Together with his team, Prof. Christoph Ploner, director of the Department of Neurology at the Virchow campus, examined a professional cellist who suffered from encephalitis caused by a herpes virus. As a result of the inflammation, the patient developed serious disturbances in memory.
Both his memory for the past (retrograde amnesia), as well as the acquisition of new information (anterograde amnesia) were affected. Whereas the patient was unable to recount any events from his private or professional life, or remember any of his friends or relatives, he retained a completely intact musical memory. Furthermore, he was still able to sight-read and play the cello.
For the systematic examination of his musical memory, Dr. Carsten Finke, Nazli Esfahani and Prof. Christoph Ploner developed various tests that take the beginning of his amnesia into account. In comparison to amateur musicians and professional musicians from the Berlin Philharmonic, the patient showed a normal musical memory in all tests. He not only remembered music pieces from the past, but was also able to retain music he had never heard before.

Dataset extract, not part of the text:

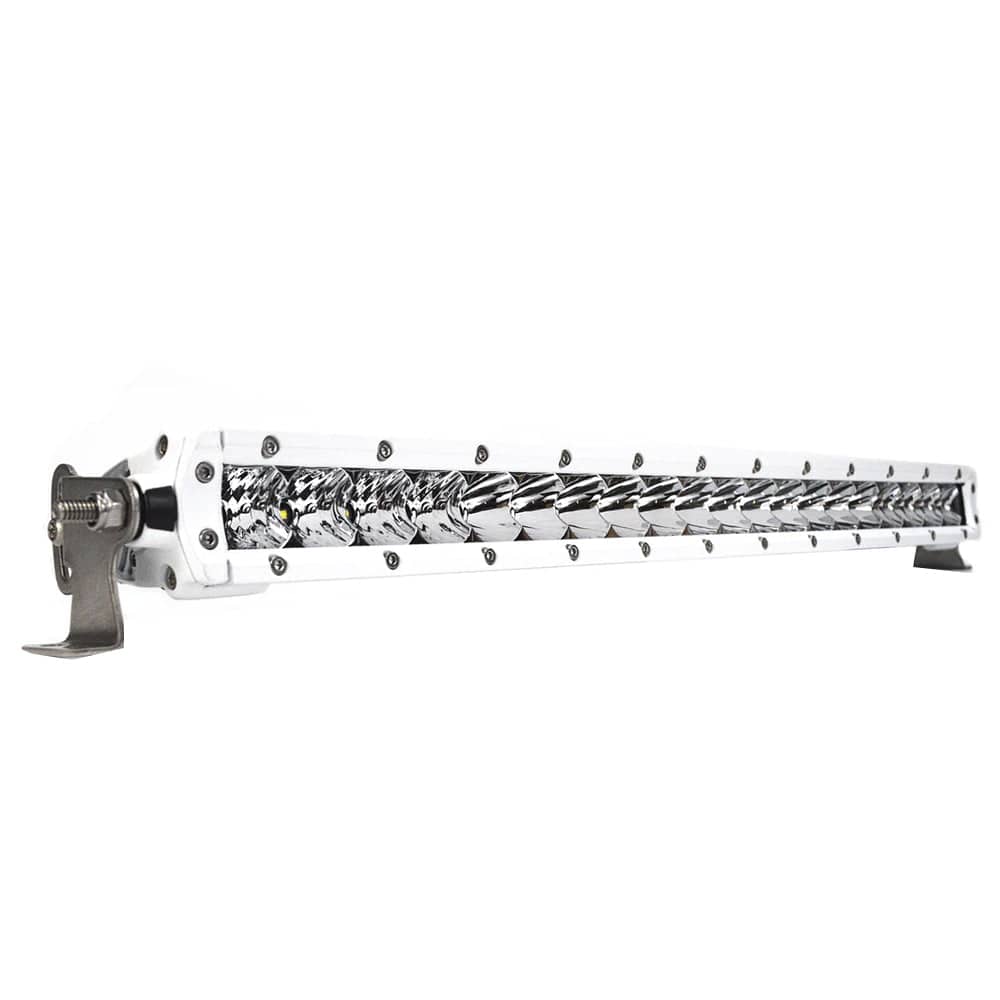 Black Oak Pro Series 3.0 Single Row 20" LED Light Bar - Combo Optics - White Housing [20CM-S5OS] - Twin Screws Marine Service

"The findings show that musical memory is organized at least partially independent of the hippocampus, a brain structure that is central to memory formation," says Carsten Finke, the primary author of the study. "It is possible that the enormous significance of music throughout all times and in all cultures contributed to the development of an independent memory for music."
Carsten Finke and his colleagues hope that the intact musical memory in patients with amnesia can be used to stimulate other memory content. In this way, perhaps a particular melody can be connected to a person or an everyday task, for example taking medicine.